Since the cosine is a complicated function to learn, we will have to use a high-order polynomial to describe it.

In [None]:
# Set the order of the polynomial fit
n_poly = 22

fig, axs = plt.subplots(2, 1, figsize=(8,8), gridspec_kw={'height_ratios':[3, 1]})
axs = np.ravel(axs)

ax = axs[0]
ax.plot(x_train, y_train, 'o', alpha=0.1, label='data')
ax.plot(x_grid, gen_func(x_grid, noise=0), 'k--', label='Ground Truth')

# Fit the data using three regression methods
for clf, label in (
    (LinearRegression(), 'Linear Regression'),
    (Ridge(alpha=0.01), 'Ridge'),
    (Lasso(alpha=0.0005), 'Lasso'),
    
):

    print '-='*20
    print clf

    # The raw transformation of inputs can result in a large range of values.
    # Use a scaler to make sure each of the inputs to the regression are comparable.
    ss = StandardScaler()
    poly_train = ss.fit_transform(np.array([np.power(x_train, i) for i in range(1, n_poly)]).T)
    poly_test = ss.transform(np.array([np.power(x_test, i) for i in range(1, n_poly)]).T)
    poly_grid = ss.transform(np.array([np.power(x_grid, i) for i in range(1, n_poly)]).T)
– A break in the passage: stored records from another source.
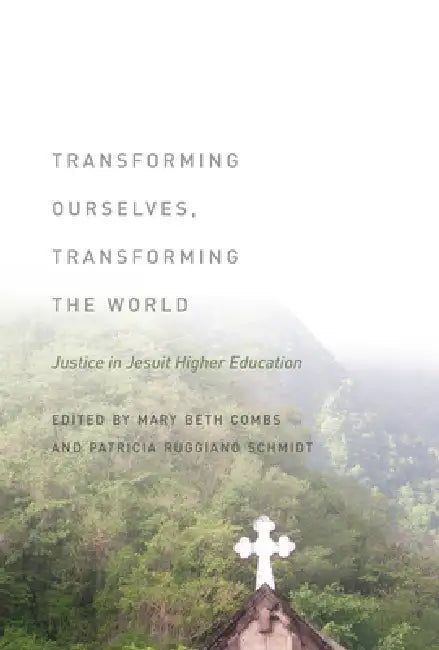 Transforming Ourselves, Transforming the World: Justice in Jesuit Higher Education | by Mary Beth Combs | Patricia Ruggiano Schmidt | Fordham University Press | English | 1st Edition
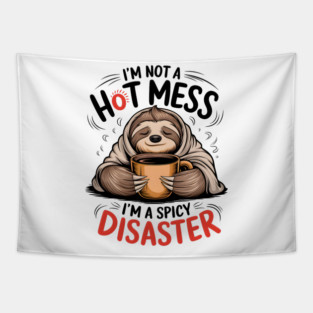 Not a Hot Mess Sloth Tapestry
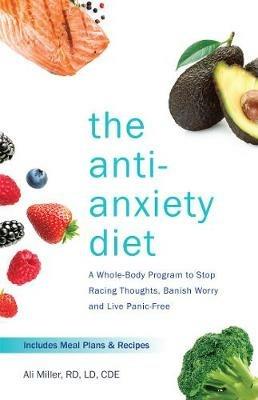 The Anti-anxiety Diet: A Whole Body Program to Stop Racing Thoughts, Banish Worry and Live Panic-Free - Ali Miller - cover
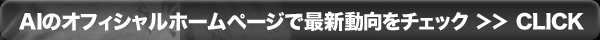 AIのオフィシャルホームページで最新動向をチェック♪　＞＞　CLICK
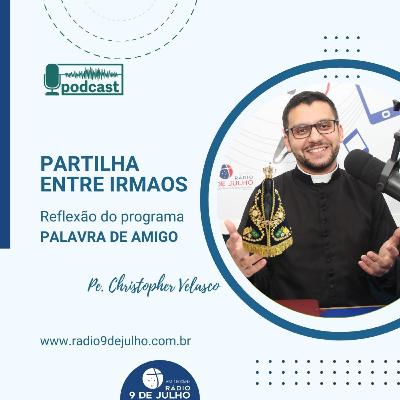 PARTILHA ENTRE IRMAOS - Nossa Senhora Aparecida - Parte 3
    # Fit and evaluate the regression
    clf.fit(poly_train, y_train)
    fit_r2 = clf.score(poly_train, y_train)
    y_pred = clf.predict(poly_test)
    mse_pred = mean_squared_error(y_test, y_pred)
    
    print 'Fit R^2 = %.2f, prediction MSE = %.5f' % (fit_r2, mse_pred)
    
    ax = axs[0]
    y_pred = clf.predict(poly_grid)
    ax.plot(x_grid, y_pred, '-', label=label)
    
    vals = 'y = %s' % (
        ' + '.join(
            [('%.2f~x^{%d}' % (coef, power))
             for power, coef
             in enumerate(clf.coef_)
            ])
    )
    display(Math(vals))

    ax = axs[1]
    ax.plot(np.abs(clf.coef_), 'o', alpha=0.5, label=label)

ax = axs[0]
ax.set_ylim(-2, 2)
ax.set_xlim(-3, 3)
ax.legend(loc='upper center', ncol=3)

ax = axs[1]
ax.set_ylim(0, 1.3)
ax.set_xlabel('Coefficient')
ax.set_ylabel('Absolute Value')
ax.legend(loc='best', ncol=3)
print

## Open Questions
* How did the different types of regularization affect the coefficients?
  * How are they changed if we increase or decrease the alpha parameter?
  * Does the number of non-zero coefficients have an impact on the quality of the predictions?
  * Does the magnitude of the coefficients have an impact on the quality of the predictions?
  * What about the behavior in the low-frequency tails?
* Why are the mean squared error values so much smaller than for the previous exercise?
* What would happen if the training and/or testing dataset was more evenly spaced out between -3 and 3?